| Data items |
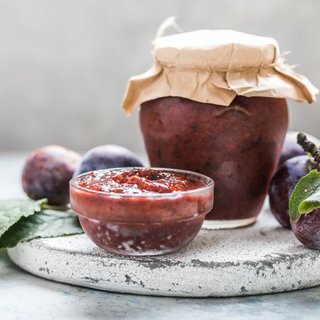 Ткемали на зиму: как приготовить вкусный соус из слив
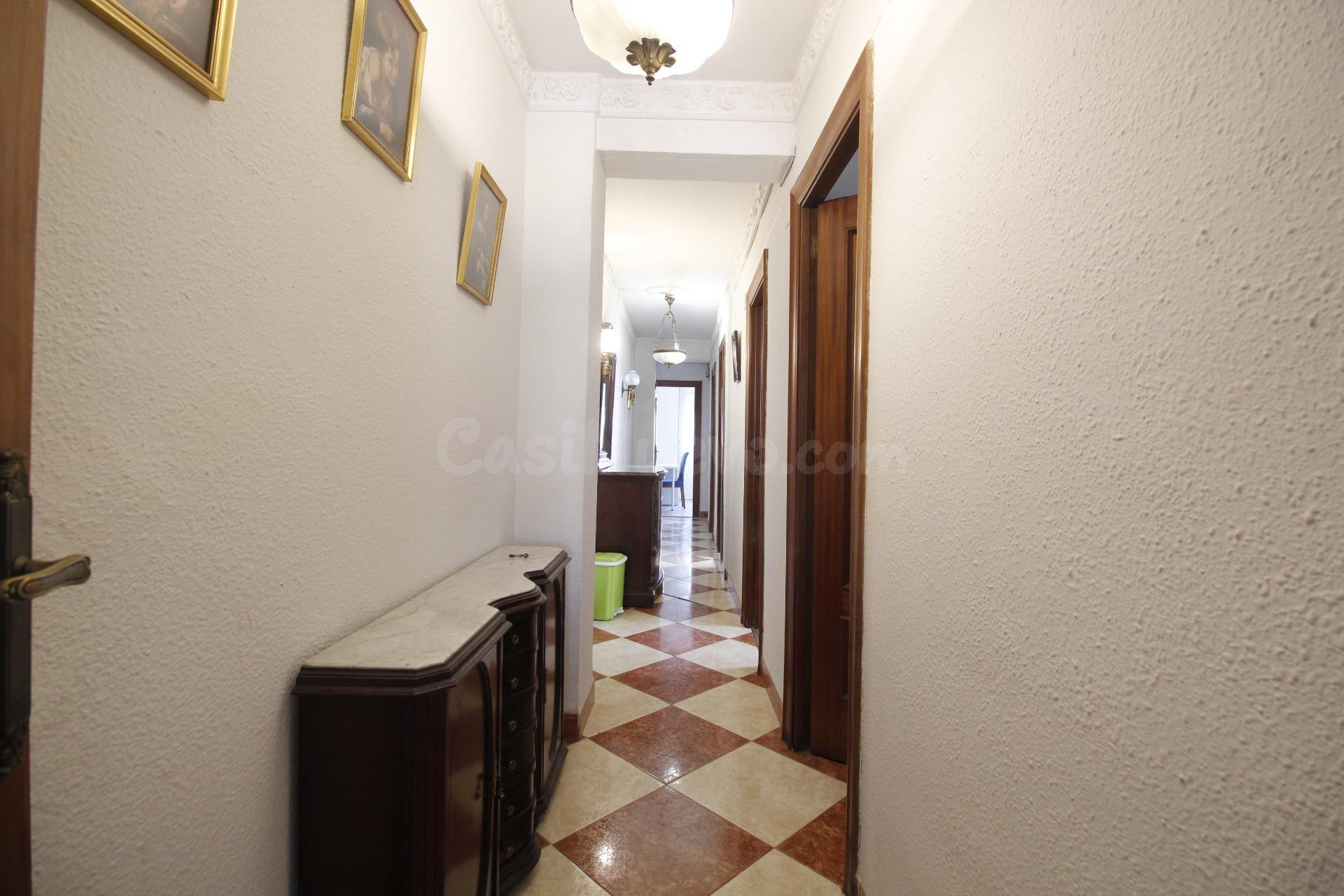 En alquiler piso de 4 habitaciones y 2 baños para estudiante - foto 4
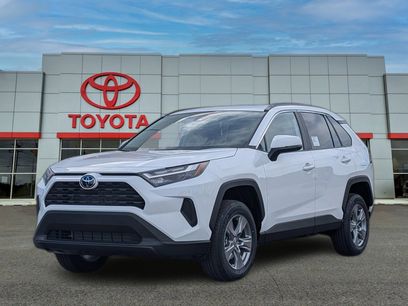New 2025 Toyota RAV4 XLE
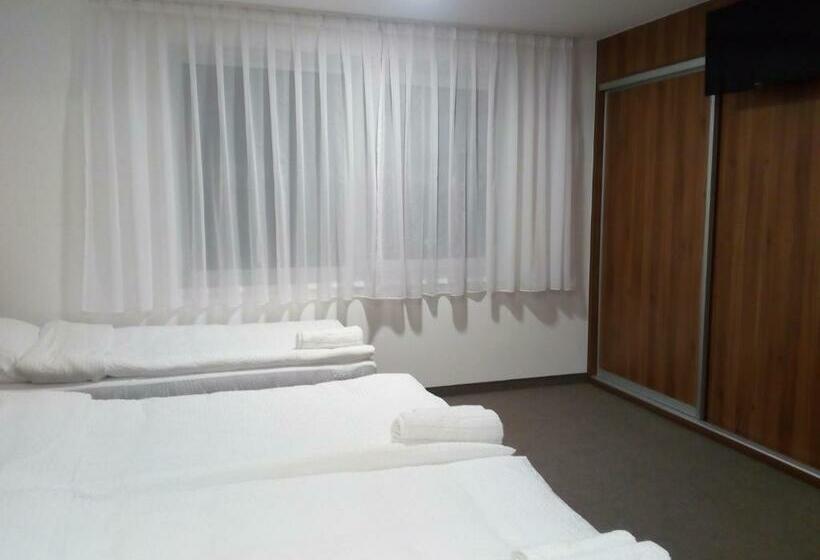 اتاق کلاسیک سه تخته, Malena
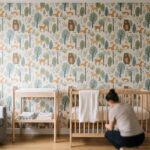Papier peint pour chambre bébé aux motifs doux et colorés, idéal pour décorer une nursery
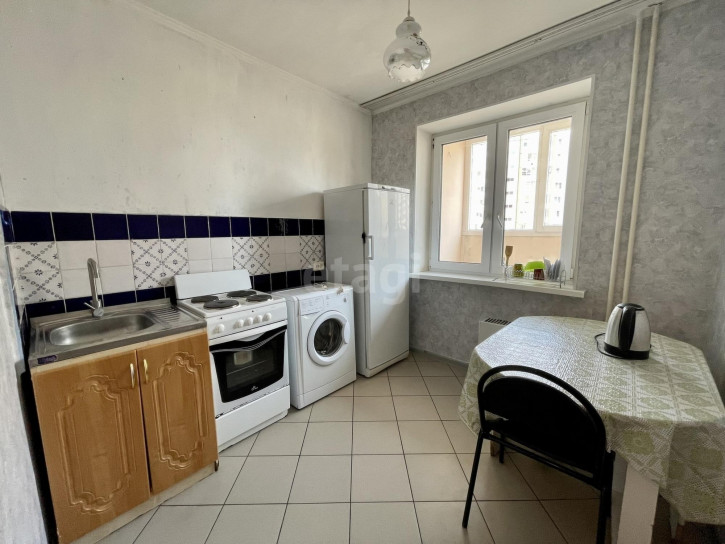 1-комн квартира Западносибирская, 12/2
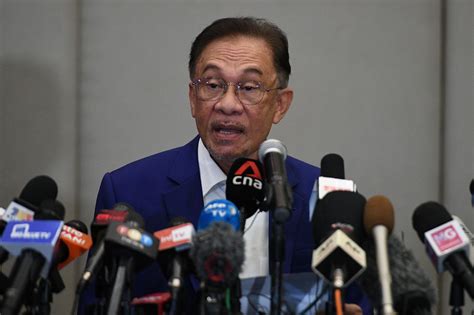 Malaysia's Anwar meets with king to oust PM Muhyiddin Yassin | Daily Sabah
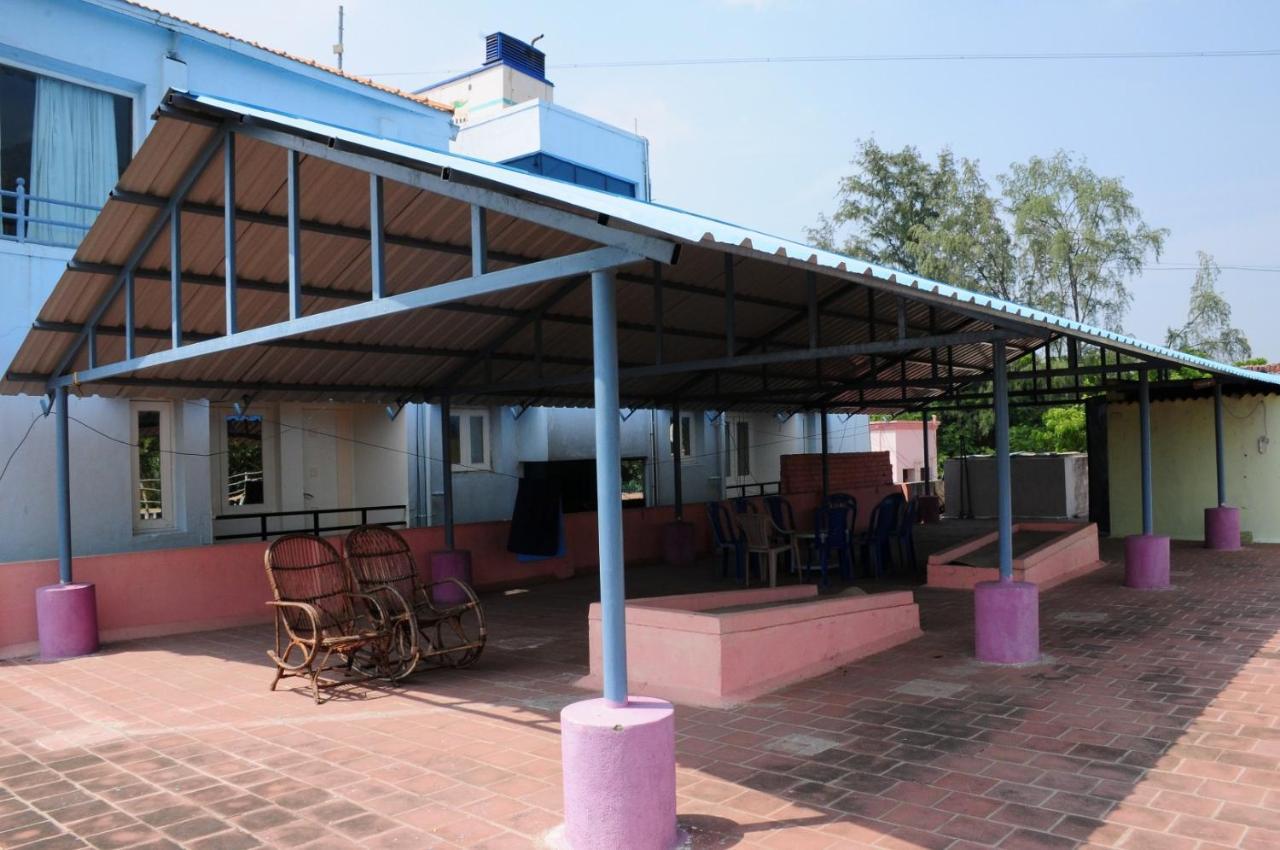 Arunachala Ramana Home Tiruvannāmalai Extérieur photo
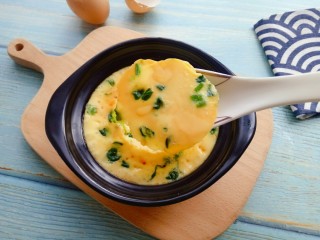 16、菠菜鸡蛋羹,美味的鸡蛋羹就做好了。宝宝下午睡醒就吃光了！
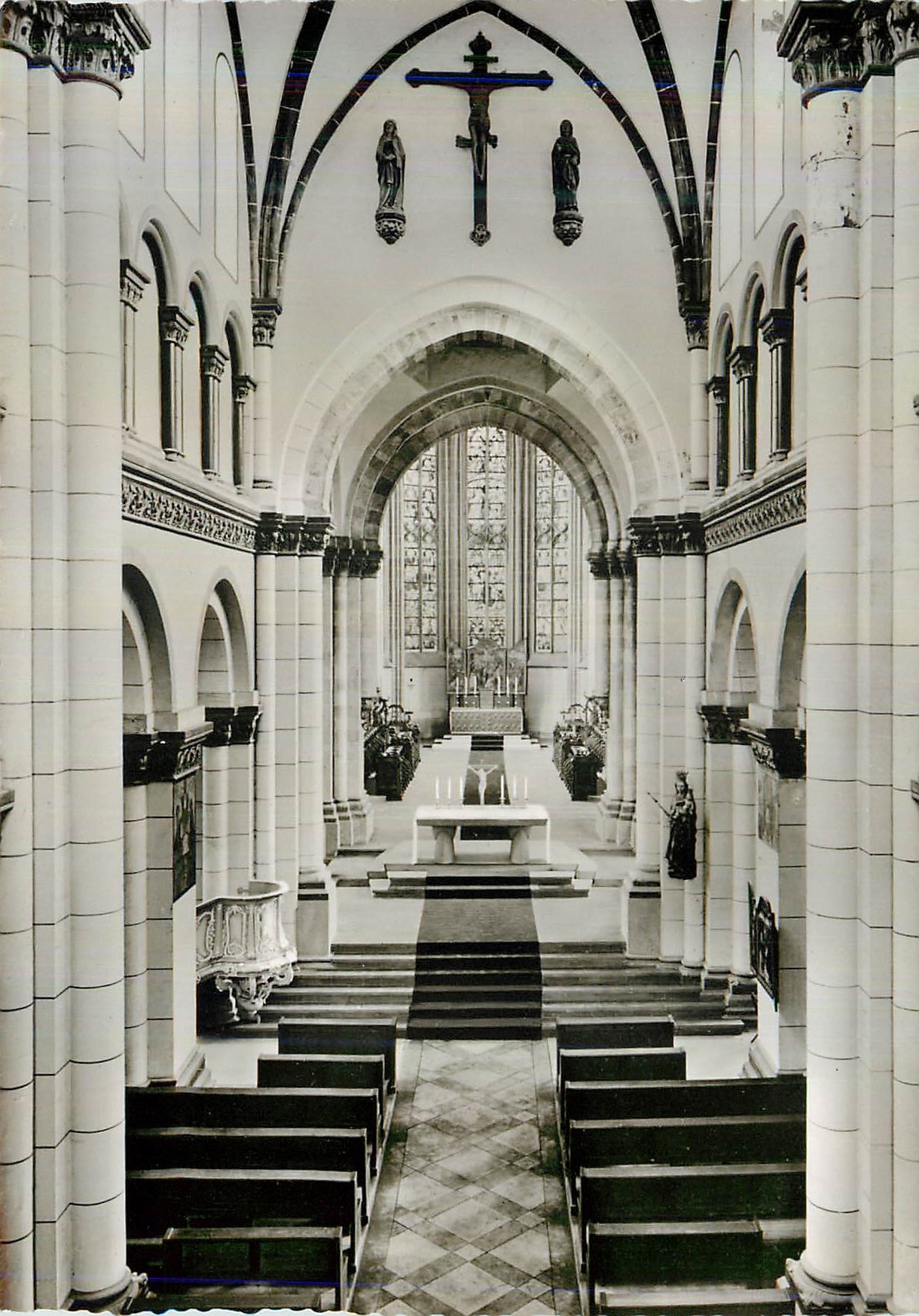 CPM St Andreas Koln Grabkirche St Alberts de Gr Romanisches Langschiff mit Vlerung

| WHAT YOU NEED TO DO |
Keep the pictures out of the copy and write out the data exactly as it stands.

| TASK SOLUTION |
 Ткемали на зиму: как приготовить вкусный соус из слив
 En alquiler piso de 4 habitaciones y 2 baños para estudiante - foto 4
New 2025 Toyota RAV4 XLE
 اتاق کلاسیک سه تخته, Malena
Papier peint pour chambre bébé aux motifs doux et colorés, idéal pour décorer une nursery
 1-комн квартира Западносибирская, 12/2
 Malaysia's Anwar meets with king to oust PM Muhyiddin Yassin | Daily Sabah
 Arunachala Ramana Home Tiruvannāmalai Extérieur photo
 16、菠菜鸡蛋羹,美味的鸡蛋羹就做好了。宝宝下午睡醒就吃光了！
 CPM St Andreas Koln Grabkirche St Alberts de Gr Romanisches Langschiff mit Vlerung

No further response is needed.